#### Records supplied:
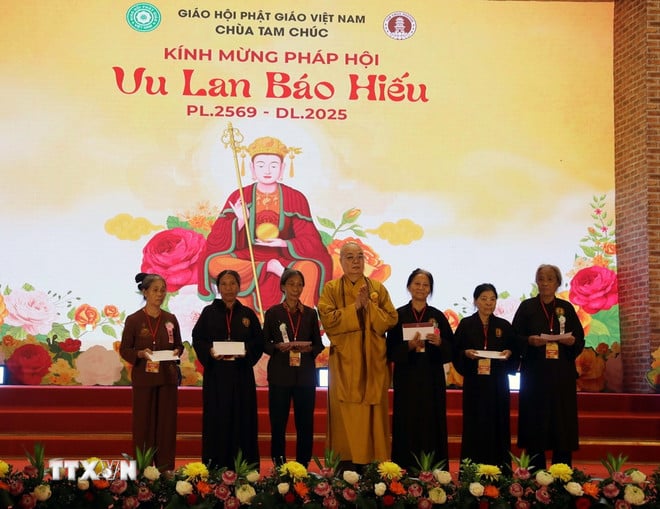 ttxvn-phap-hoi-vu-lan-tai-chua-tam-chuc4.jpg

...

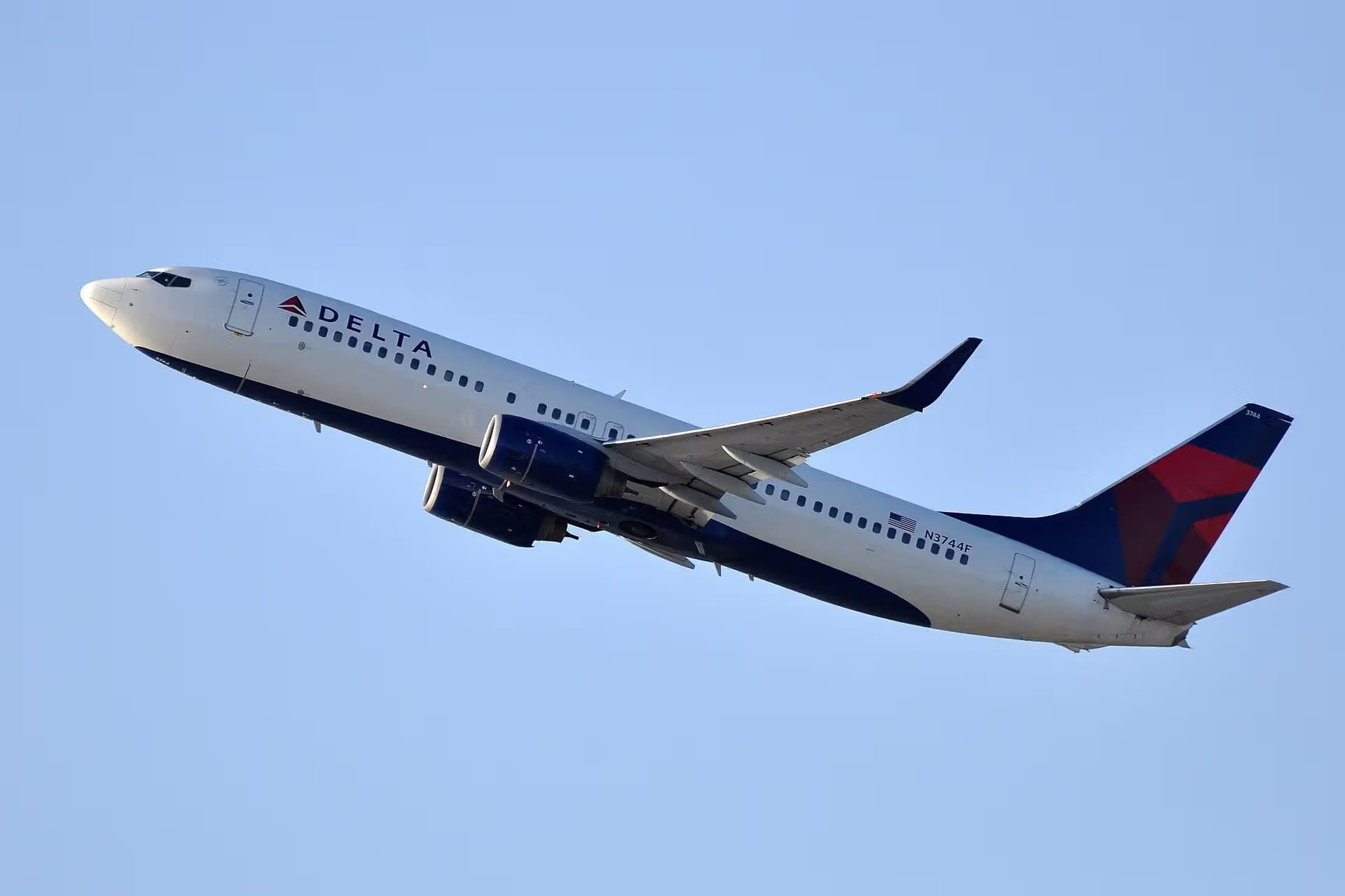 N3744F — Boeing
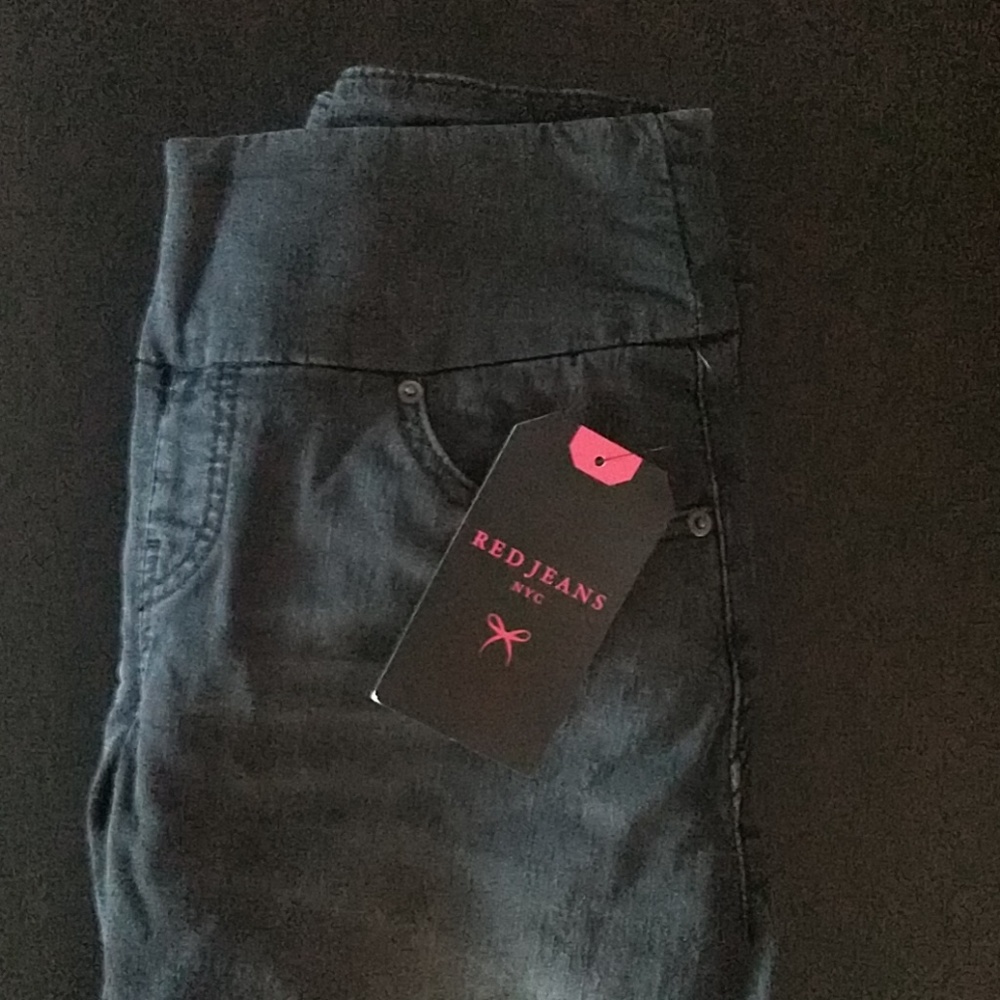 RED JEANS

---

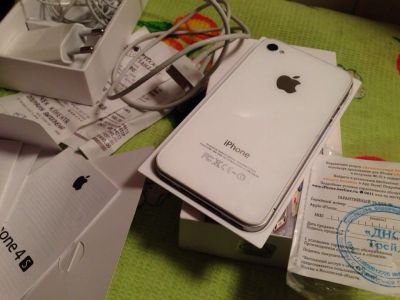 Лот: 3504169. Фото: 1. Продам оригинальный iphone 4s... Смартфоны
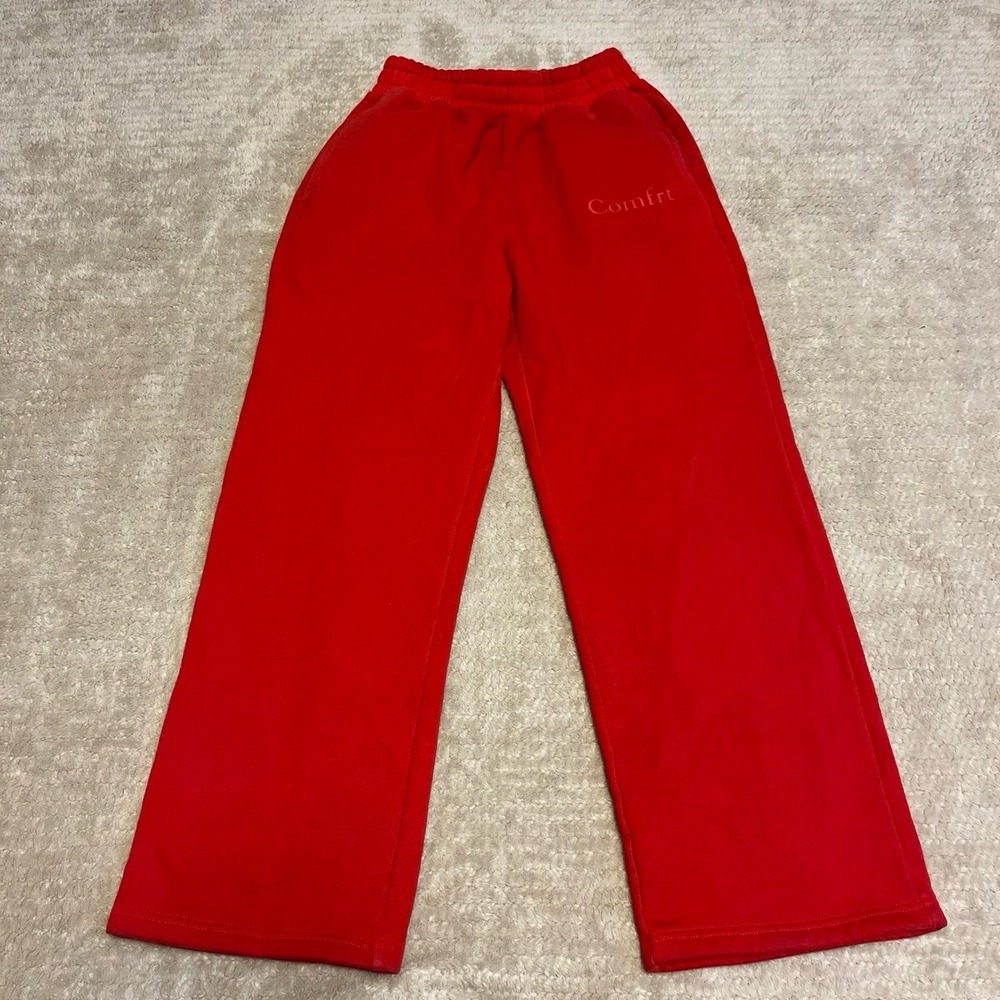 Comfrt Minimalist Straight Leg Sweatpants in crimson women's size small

#### Problem description:
When copying from the data above, print only the lines from the line containing "Лот: 3504169. Фото: 1." to the line containing "Comfrt Minimalist Straight", exactly, and leave the pictures out.

#### Reply to the task:
 Лот: 3504169. Фото: 1. Продам оригинальный iphone 4s... Смартфоны
 Comfrt Minimalist Straight Leg Sweatpants in crimson women's size small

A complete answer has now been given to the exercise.